### THE PROBLEM
Leave out the pictures and reproduce all of the data exactly.

### RECORDED INFORMATION
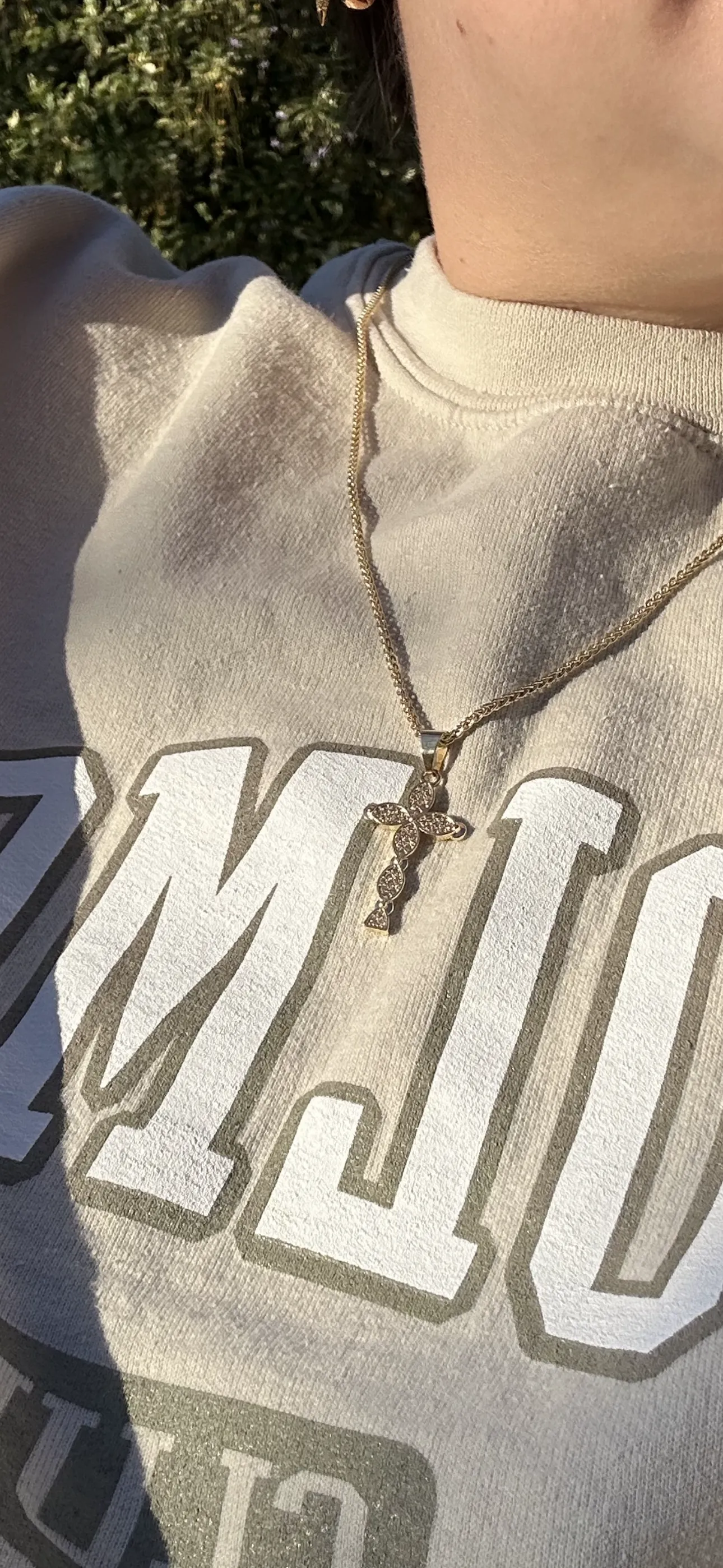 cher cross necklace
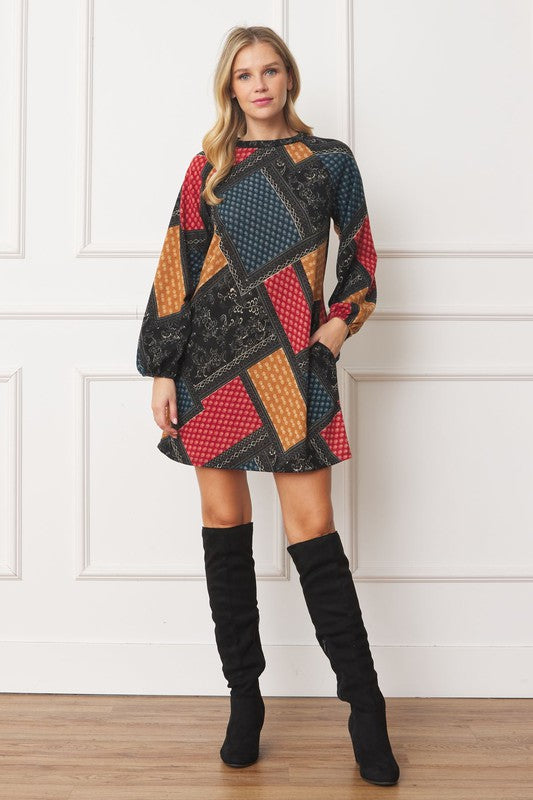 A color-blocked patchwork dress with bold, geometric patterns in red, orange, blue, and black, creating a vibrant, eclectic look.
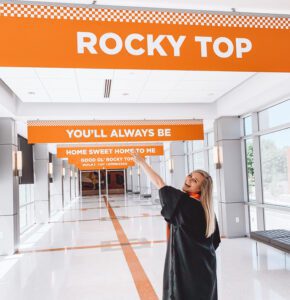 CCI alumna Kylie Julius in her master's gown makes a peace sign as she walks the hallway in the Student Union with an orange and white banner that reads "Rocky Top" above her.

### SOLUTION TO THIS TASK
 cher cross necklace
 A color-blocked patchwork dress with bold, geometric patterns in red, orange, blue, and black, creating a vibrant, eclectic look.
 CCI alumna Kylie Julius in her master's gown makes a peace sign as she walks the hallway in the Student Union with an orange and white banner that reads "Rocky Top" above her.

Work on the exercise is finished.